On its highest power setting, a certain microwave oven projects 1.00 kW of microwaves onto a 30.0 by 40.0 cm area. (a) What is the intensity in ${W/m}^{2}$ ? (b) Calculate the peak electric field strength $E_{0}$ in these waves. (c) What is the peak magnetic field strength $B_{0}$ ?

Strategy

In part (a), we can find intensity from its definition as power per unit area.

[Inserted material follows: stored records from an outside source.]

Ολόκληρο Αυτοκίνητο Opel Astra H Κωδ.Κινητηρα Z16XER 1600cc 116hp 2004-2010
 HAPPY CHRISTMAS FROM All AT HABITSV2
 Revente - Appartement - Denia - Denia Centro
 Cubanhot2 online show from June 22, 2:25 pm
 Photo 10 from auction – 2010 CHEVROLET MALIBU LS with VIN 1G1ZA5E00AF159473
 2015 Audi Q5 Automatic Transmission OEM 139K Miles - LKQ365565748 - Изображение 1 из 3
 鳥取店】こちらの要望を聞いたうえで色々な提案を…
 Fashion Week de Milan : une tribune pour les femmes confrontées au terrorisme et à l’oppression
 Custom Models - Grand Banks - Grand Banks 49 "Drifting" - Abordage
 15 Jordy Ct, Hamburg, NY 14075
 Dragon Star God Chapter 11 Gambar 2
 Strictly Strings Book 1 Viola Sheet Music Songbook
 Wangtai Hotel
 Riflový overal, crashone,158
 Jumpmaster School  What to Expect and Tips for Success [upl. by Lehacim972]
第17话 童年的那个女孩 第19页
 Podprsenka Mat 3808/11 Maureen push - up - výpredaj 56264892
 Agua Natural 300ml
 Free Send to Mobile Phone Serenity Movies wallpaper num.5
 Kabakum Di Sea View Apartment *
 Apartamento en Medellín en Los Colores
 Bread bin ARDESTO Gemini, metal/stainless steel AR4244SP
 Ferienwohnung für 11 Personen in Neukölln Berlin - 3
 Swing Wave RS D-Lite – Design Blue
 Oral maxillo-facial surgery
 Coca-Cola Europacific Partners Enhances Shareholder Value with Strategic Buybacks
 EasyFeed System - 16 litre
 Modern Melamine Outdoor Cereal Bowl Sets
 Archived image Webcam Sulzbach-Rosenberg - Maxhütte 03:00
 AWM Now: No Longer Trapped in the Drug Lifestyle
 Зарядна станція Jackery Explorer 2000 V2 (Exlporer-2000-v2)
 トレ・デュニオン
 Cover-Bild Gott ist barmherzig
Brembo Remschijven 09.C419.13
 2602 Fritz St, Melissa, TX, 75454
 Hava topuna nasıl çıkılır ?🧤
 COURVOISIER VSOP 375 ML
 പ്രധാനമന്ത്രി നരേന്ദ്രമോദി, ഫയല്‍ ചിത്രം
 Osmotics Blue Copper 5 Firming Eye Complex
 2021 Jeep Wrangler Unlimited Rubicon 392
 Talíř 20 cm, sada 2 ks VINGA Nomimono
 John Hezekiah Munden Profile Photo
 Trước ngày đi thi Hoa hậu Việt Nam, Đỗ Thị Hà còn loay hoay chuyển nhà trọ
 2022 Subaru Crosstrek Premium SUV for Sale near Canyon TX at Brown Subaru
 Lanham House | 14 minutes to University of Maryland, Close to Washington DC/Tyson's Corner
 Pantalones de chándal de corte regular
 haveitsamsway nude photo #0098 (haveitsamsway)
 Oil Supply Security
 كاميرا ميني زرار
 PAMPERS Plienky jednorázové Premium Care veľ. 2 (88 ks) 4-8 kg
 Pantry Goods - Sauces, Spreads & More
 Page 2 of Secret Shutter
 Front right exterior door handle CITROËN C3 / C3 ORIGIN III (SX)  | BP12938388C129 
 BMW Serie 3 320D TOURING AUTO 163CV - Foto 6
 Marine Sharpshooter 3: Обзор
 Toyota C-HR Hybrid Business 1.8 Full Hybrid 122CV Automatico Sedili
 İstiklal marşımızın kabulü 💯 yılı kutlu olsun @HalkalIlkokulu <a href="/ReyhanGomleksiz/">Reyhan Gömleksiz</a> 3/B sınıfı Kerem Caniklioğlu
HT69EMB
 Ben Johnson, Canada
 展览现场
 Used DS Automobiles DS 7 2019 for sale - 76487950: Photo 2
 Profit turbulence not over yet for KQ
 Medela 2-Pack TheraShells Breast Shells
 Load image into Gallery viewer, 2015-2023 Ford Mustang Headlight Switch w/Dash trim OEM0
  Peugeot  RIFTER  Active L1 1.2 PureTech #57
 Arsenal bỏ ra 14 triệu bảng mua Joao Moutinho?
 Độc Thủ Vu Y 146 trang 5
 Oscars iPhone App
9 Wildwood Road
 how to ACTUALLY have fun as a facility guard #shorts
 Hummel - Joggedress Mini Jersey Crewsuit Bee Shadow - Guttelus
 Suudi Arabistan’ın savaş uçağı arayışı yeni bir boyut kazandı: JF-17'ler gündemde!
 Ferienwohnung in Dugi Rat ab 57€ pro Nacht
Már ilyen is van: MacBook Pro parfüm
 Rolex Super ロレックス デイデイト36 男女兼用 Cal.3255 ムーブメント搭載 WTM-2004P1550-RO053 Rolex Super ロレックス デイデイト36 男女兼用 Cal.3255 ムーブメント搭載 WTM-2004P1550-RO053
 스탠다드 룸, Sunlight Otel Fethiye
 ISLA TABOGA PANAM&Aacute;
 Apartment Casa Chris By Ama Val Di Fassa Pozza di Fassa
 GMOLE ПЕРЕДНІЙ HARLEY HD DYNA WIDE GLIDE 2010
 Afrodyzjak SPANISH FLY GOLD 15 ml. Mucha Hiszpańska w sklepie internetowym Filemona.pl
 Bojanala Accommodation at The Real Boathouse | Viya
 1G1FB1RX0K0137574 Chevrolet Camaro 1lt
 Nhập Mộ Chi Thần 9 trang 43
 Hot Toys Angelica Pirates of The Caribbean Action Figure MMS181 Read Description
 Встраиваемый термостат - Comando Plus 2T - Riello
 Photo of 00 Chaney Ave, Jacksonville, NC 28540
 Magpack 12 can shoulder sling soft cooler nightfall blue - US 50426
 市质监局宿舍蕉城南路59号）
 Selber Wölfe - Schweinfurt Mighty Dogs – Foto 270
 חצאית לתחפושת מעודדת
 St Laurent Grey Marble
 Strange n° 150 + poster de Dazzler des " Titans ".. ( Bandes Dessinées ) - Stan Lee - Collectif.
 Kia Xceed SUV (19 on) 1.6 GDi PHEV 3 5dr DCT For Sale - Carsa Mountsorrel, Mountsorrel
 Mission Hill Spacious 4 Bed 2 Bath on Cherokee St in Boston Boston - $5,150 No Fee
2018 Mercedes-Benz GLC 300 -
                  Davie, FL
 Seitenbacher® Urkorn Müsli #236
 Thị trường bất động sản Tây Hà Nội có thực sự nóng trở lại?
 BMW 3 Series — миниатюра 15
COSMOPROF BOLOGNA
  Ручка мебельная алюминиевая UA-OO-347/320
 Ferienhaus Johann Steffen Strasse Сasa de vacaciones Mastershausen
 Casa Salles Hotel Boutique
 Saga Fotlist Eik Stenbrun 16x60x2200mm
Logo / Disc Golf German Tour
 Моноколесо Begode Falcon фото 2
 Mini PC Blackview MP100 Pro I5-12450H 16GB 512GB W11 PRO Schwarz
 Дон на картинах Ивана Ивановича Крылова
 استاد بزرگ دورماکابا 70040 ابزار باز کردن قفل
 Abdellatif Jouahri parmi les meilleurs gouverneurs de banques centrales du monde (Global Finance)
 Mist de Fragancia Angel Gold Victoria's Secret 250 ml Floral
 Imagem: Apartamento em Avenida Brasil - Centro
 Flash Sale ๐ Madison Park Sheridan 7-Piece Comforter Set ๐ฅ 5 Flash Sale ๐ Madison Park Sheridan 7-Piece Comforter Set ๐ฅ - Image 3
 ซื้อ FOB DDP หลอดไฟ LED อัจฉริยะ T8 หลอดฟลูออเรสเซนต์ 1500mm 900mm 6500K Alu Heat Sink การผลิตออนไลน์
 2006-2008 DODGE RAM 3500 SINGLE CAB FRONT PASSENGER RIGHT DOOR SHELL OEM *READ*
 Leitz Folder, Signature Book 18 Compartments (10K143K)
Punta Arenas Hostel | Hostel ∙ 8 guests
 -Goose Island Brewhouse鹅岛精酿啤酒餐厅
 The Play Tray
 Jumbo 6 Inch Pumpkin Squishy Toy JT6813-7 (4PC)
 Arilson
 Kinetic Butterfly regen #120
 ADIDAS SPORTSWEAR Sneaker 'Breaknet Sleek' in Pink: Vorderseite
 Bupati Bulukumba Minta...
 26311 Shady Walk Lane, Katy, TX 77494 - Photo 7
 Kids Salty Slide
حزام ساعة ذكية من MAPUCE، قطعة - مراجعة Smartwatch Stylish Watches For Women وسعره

Once the intensity is known, we can use the equations below to find the field strengths asked for in parts (b) and (c).

Solution for (a)

Entering the given power into the definition of intensity, and noting the area is 0.300 by 0.400 m, yields

I = \frac{P}{A} = \frac{1 . 00  kW}{0 . 300 m \times 0 . 400 m} .

24.21

Here $I = I_{ave}$ , so that

I_{ave} = \frac{1000 W}{0.120 m^{2}} = 8 . 33 \times 10^{3} {W/m}^{2} .

24.22

Note that the peak intensity is twice the average:

I_{0} = 2 I_{ave} = 1 . 67 \times 10^{4} W / m^{2} .

24.23

Solution for (b)

To find $E_{0}$ , we can rearrange the first equation given above for $I_{ave}$ to give

E_{0} = {(\frac{2 I_{ave}}{{cε}_{0}})}^{1/2} .

24.24

Entering known values gives

\begin{array}{l} E_{0} & = & \sqrt{\frac{2 (8.33 \times 10^{3} {W/m}^{2})}{(3.00 \times 10^{8} m/s) (8.85 \times 10^{- 12} C^{2} / N \cdot m^{2})}} \\ = & 2.51 \times 10^{3} V/m . \end{array}

24.25

Solution for (c)

Perhaps the easiest way to find magnetic field strength, now that the electric field strength is known, is to use the relationship given by

B_{0} = \frac{E_{0}}{c} .

24.26

Entering known values gives

\begin{array}{l} B_{0} & = & \frac{2.51 \times 10^{3} V/m}{3.0 \times 10^{8} m/s} \\ = & 8.35 \times 10^{- 6} T . \end{array}

24.27

Discussion

As before, a relatively strong electric field is accompanied by a relatively weak magnetic field in an electromagnetic wave, since $B = E / c$ , and $c$ is a large number.